Here’s how you do it: Create a Dr. OctoRex. Load up the REX file of your choice. Copy the notes to the Track. Then create an NN-XT and move or copy the OctoRex notes to the empty NN-XT track. Now, open the patch browser and load the same REX file into the NN-XT. The slices will show up in the NN-XT Editor window like this: (figure 9)
Now you have REX playback with the option to edit each slice. Simply select a sample on the NN-XT Editor display, and then right-click and select “Edit Sample” or hold [Alt/Option] while clicking on the Sample button. (figure 10)
Here’s one of those samples that are difficult to use when reversed, because it’s about 10% percussive sound and the rest is just a hint of reverb. So what we’ll do is reverse it and trim off most of the ‘tail’ by using the Crop function… (figure 11)
…and then, create a short fade-in on the trimmed tail by highlighting the beginning of the slice and clicking the Fade In button… (figure 12)
…and now we have a more manageable reversed slice.
As mentioned earlier, another thing you can do with slices is to create very short loops to get that glitchy digital hiccup feel.
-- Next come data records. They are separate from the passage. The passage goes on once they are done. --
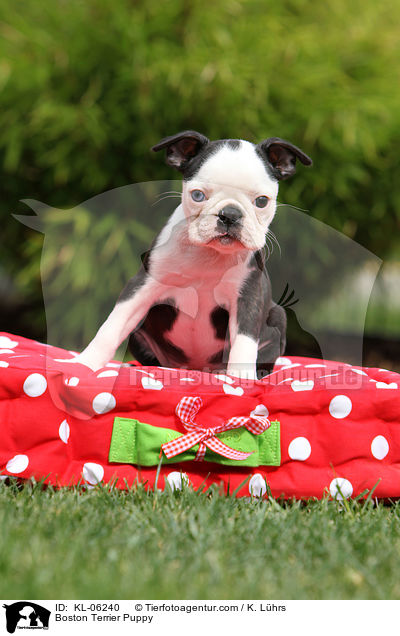 Boston Terrier Welpe / Boston Terrier Puppy / KL-06240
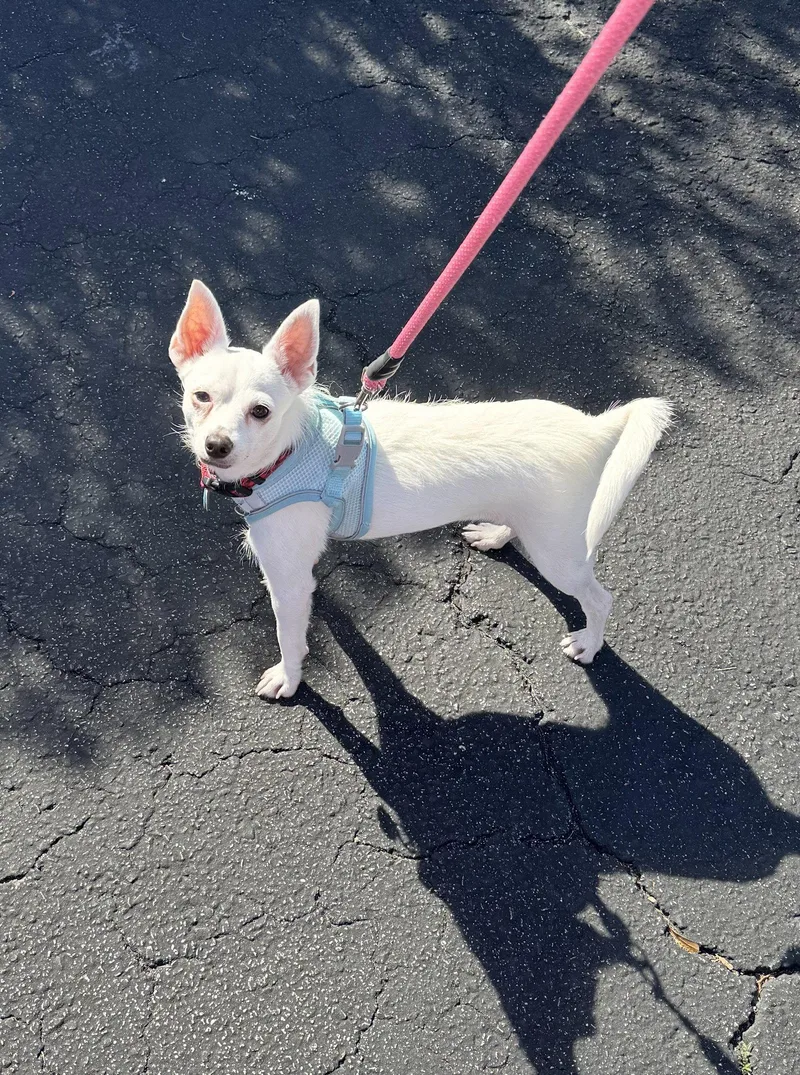 A young medium-sized female Terrier dog named Honeybee for adoption in Tampa, FL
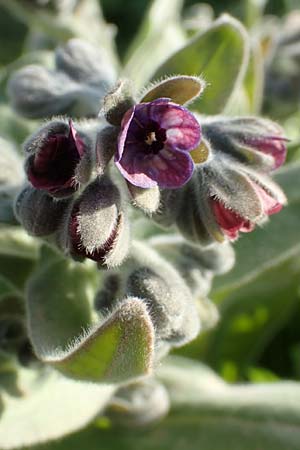 Cynoglossum columnae \ Colonna-Hundszunge, Kreta Arhanes, Jouhtas 30.3.2015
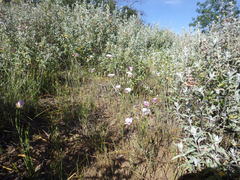 Calochortus catalinae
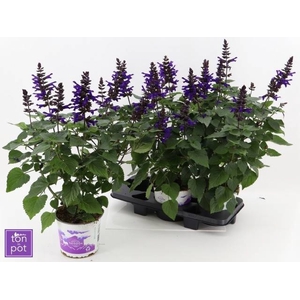 SALVIA LAKE ONEG IMP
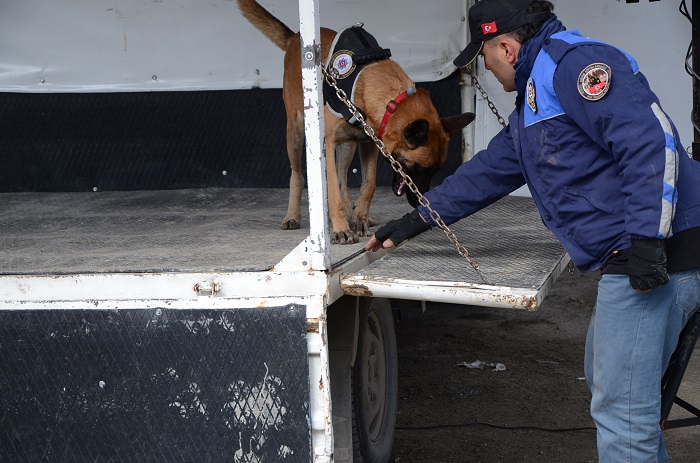 Hakkari'de Newroz coşkusu 1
It might look something like this: (figure 13)
Here’s an example of a factory soundbank REX loop where individual slices have been reversed and/or looped in the editor. Bars 1-2 and 5-6 play the original loop for comparison, bars 3-4 and 7-8 feature the tweaked loops played by the NN-XT.
Example File: Glitch.rns
Everything but the Kitchen Sink
As a quick demonstration of what you can do with just a mic and whatever potential sampling sources you have lying around, I went to the kitchen and spent half an hour recording random stuff with a Sennheiser e945 hooked up to an Apogee Duet. The song file below is based entirely on the following self-contained samples:
Bass drum: Large empty drawer closing
Snare drum: Small drawer (full of utensils) closing
Closed HH: Water tap, short burst
Open HH: Water tap, long burst
Additional percussion: Scissors, more drawers closing
Bass 1: Microwave starting up
Bass 2: Slapping the top of the microwave
Bells: Butterknife against large beer glass
Poly synth: Microwave “ready beep”
FX drone: Dishwasher starting up
Example File: Kitchen.rns
Sampling may seem a chore at first, with lots of trial and error, but it’s actually quite easy, and ultimately it’s rewarding to make music with your own unique sounds. When someone remarks “cool snare, where’d you get that?” you’ll be able to say “oh, that’s just me vacuuming up some Lego bricks”. So grab a mic and go on a quest for hidden sonic treasures in your garage, your kitchen, your car… but go easy with the bathroom samples.